DATA 550 Mini-Project 1#

In lieu of quizzes in DATA 550, we will instead do two mini projects. The project will be done in pairs of 2, and both members of the team will receive the same work unless the work distribution was not roughly even (as determined by looking at the commits). In the first project, you will need to select a programming language, either python or R and you will be provided a dataset. In the second project, you will use the other programming language and will be free to select your own dataset.

Project Instructions#

Here are the instructions for your project:

  1. Do this mini-project in the same pairs you have selected for your labs.
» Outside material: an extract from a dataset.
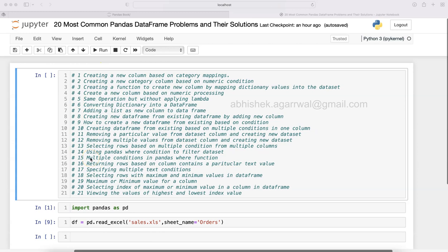The second problem is what I'm showing you today from this book: creating new category column based on numeric condition. I have already done the importing of pandas.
Take note of your group number (from Canvas) and follow all instructions in this section.

  2. Choose a programming language, R or python. If you select R, you must use ggplot2 for your plotting framework and if you choose python, you must use Altair for your plotting framework.

  3. For your assigned dataset, you should first do a full and detailed Exploratory Data Analysis (see Lecture 3) in a Jupyter notebook.

Group Number

Dataset

Groups 1 - 8

Default of credit card

Groups 9 - 15

Medical expenses

Requirements for the EDA:

  • Must include all eight steps of the EDA (Describe your dataset, Load the dataset, Explore your dataset, Initial thoughts, Wrangling, Research Questions, Data analysis & visualizations, Summary and conclusions)

  • Must include at least 3 visualizations, and no more than 6

  • Each visualization must adhere to the principles of effective visualizations as discussed in Lecture 4 and 5.

  • Comments on your EDA must be authentic and genuine, ideally in full sentences.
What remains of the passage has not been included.